The importance score of V1 (2.5437) drops significantly compared to its traditional score (5.6953), as conditional importance accounts for its redundancy with duplicate1 and duplicate2.

Predictors like V4 (6.2963) and V2 (4.7600) remain prominent because they are not strongly correlated with others and their contributions are independent.

The scores for V6–V10 remain near zero, confirming they are not used significantly by the model.

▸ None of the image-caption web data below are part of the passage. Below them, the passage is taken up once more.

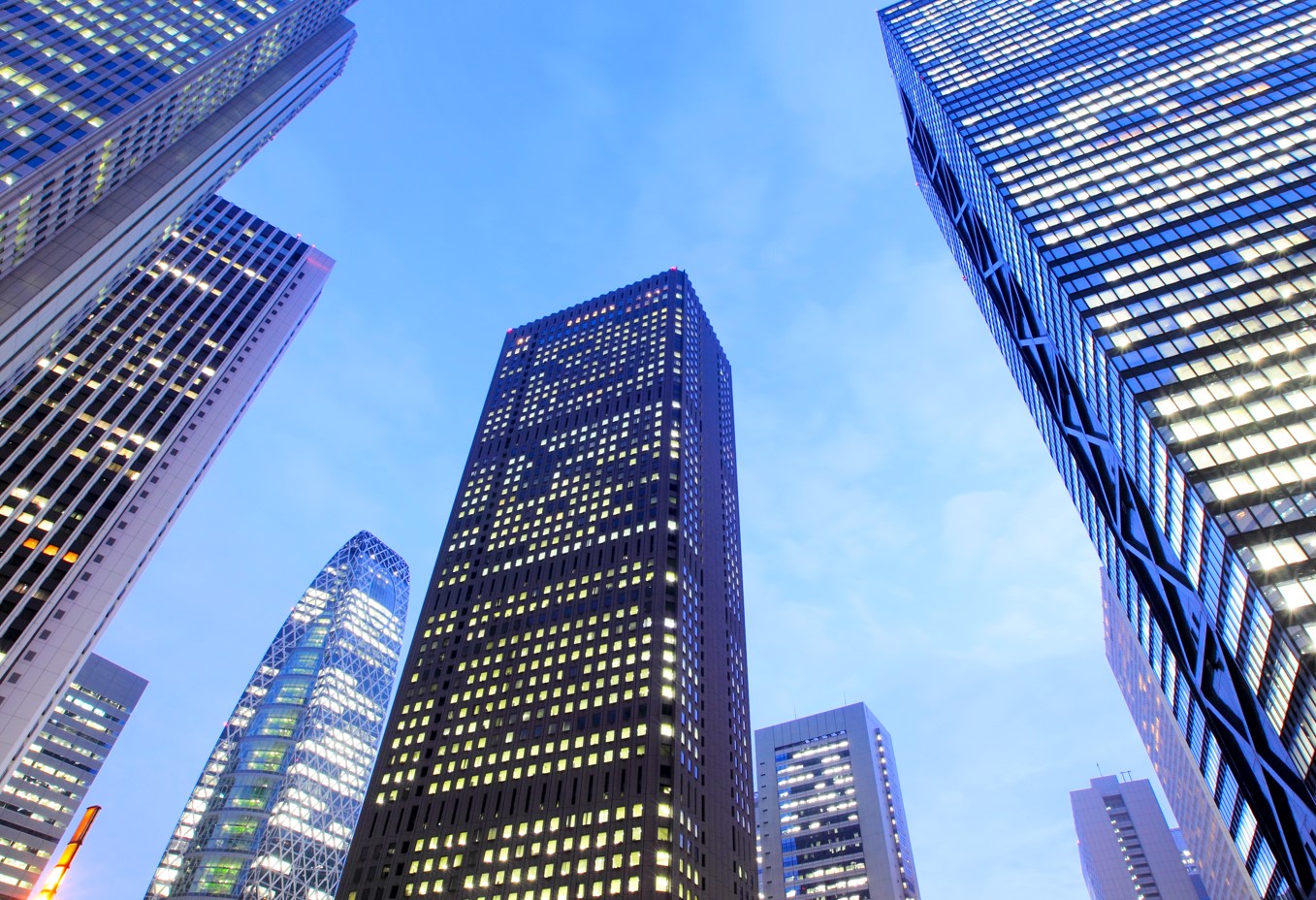 주춤하는 부동산 시장 회복세... 매매여건 악화에 "안갯속이다"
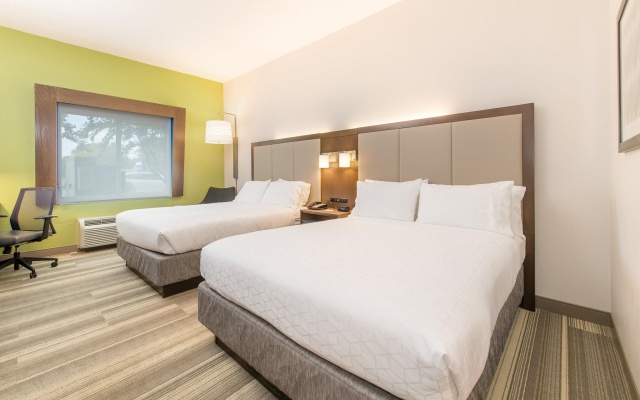2 Bedrooms Quadruple Suite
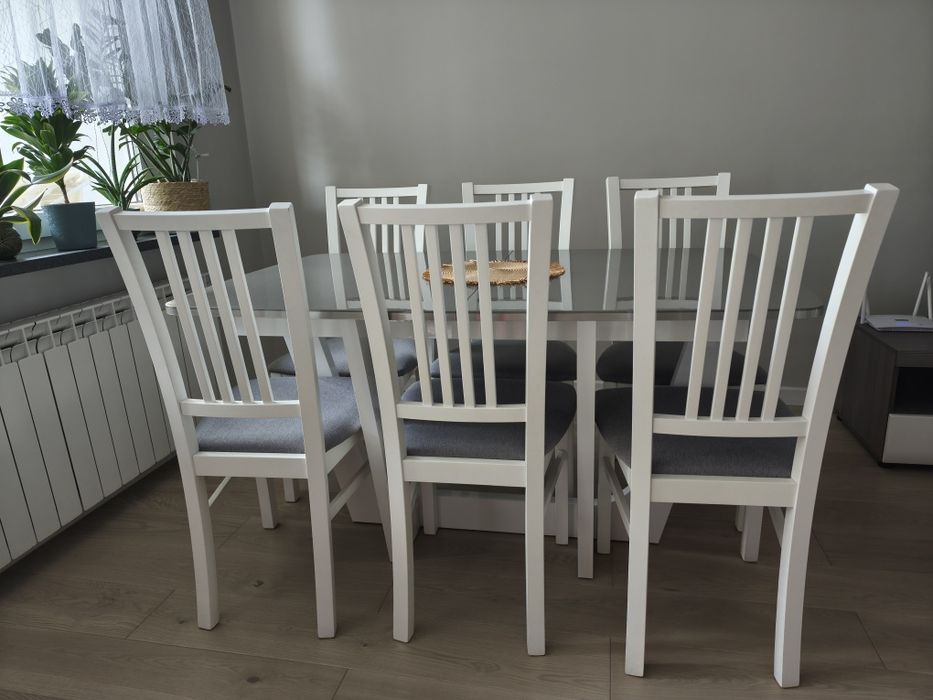Stół rozkładany + 6 krzeseł . Zestaw do jadalni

8.2 Use a simulation to show tree bias with different granularities

set.seed(123)
n <- 1000

X1 <- runif(n, 0, 10)

X2 <- factor(sample(letters[1:5], n, replace = TRUE))

y <- 0.5 * X1 + as.numeric(X2) + rnorm(n, 0, 1)

data <- data.frame(X1, X2, y)

if (!require("rpart")) install.packages("rpart", dependencies = TRUE)
library(rpart)

tree_model <- rpart(y ~ X1 + X2, data = data, method = "anova")

plot(tree_model)
text(tree_model, use.n = TRUE)

tree_importance <- tree_model$variable.importance
print(tree_importance)

##       X2       X1 
## 1933.049 1895.806

if (!require("randomForest")) install.packages("randomForest", dependencies = TRUE)
library(randomForest)

rf_model <- randomForest(y ~ X1 + X2, data = data, importance = TRUE)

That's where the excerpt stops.